:: Exercise ::
The output is to match the entries below character for character.

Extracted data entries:
===============
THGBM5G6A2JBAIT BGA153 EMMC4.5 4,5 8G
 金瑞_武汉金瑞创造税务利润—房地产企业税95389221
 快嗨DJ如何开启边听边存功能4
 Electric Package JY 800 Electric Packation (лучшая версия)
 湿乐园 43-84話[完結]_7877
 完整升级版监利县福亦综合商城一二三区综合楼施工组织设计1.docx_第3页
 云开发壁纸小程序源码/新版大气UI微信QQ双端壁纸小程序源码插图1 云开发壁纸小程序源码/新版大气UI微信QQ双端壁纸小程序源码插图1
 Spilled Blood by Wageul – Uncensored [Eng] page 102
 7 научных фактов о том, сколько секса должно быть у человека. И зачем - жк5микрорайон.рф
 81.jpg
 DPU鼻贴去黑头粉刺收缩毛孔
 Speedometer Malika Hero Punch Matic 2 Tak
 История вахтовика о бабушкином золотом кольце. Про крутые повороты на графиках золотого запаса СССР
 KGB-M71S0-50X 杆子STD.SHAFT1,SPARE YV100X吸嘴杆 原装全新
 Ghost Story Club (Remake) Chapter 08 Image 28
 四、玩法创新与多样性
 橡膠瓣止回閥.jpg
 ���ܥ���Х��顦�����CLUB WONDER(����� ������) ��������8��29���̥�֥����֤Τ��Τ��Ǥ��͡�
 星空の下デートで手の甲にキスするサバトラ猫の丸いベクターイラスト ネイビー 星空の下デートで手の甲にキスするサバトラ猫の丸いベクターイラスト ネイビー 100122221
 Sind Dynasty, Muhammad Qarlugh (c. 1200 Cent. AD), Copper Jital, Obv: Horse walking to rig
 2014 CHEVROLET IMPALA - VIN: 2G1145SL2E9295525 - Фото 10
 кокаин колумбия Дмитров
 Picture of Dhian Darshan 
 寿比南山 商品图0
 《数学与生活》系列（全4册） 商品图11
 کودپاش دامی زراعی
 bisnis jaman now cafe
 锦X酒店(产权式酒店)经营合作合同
===============
:: Exercise solution ::
THGBM5G6A2JBAIT BGA153 EMMC4.5 4,5 8G
 金瑞_武汉金瑞创造税务利润—房地产企业税95389221
 快嗨DJ如何开启边听边存功能4
 Electric Package JY 800 Electric Packation (лучшая версия)
 湿乐园 43-84話[完結]_7877
 完整升级版监利县福亦综合商城一二三区综合楼施工组织设计1.docx_第3页
 云开发壁纸小程序源码/新版大气UI微信QQ双端壁纸小程序源码插图1 云开发壁纸小程序源码/新版大气UI微信QQ双端壁纸小程序源码插图1
 Spilled Blood by Wageul – Uncensored [Eng] page 102
 7 научных фактов о том, сколько секса должно быть у человека. И зачем - жк5микрорайон.рф
 81.jpg
 DPU鼻贴去黑头粉刺收缩毛孔
 Speedometer Malika Hero Punch Matic 2 Tak
 История вахтовика о бабушкином золотом кольце. Про крутые повороты на графиках золотого запаса СССР
 KGB-M71S0-50X 杆子STD.SHAFT1,SPARE YV100X吸嘴杆 原装全新
 Ghost Story Club (Remake) Chapter 08 Image 28
 四、玩法创新与多样性
 橡膠瓣止回閥.jpg
 ���ܥ���Х��顦�����CLUB WONDER(����� ������) ��������8��29���̥�֥����֤Τ��Τ��Ǥ��͡�
 星空の下デートで手の甲にキスするサバトラ猫の丸いベクターイラスト ネイビー 星空の下デートで手の甲にキスするサバトラ猫の丸いベクターイラスト ネイビー 100122221
 Sind Dynasty, Muhammad Qarlugh (c. 1200 Cent. AD), Copper Jital, Obv: Horse walking to rig
 2014 CHEVROLET IMPALA - VIN: 2G1145SL2E9295525 - Фото 10
 кокаин колумбия Дмитров
 Picture of Dhian Darshan 
 寿比南山 商品图0
 《数学与生活》系列（全4册） 商品图11
 کودپاش دامی زراعی
 bisnis jaman now cafe
 锦X酒店(产权式酒店)经营合作合同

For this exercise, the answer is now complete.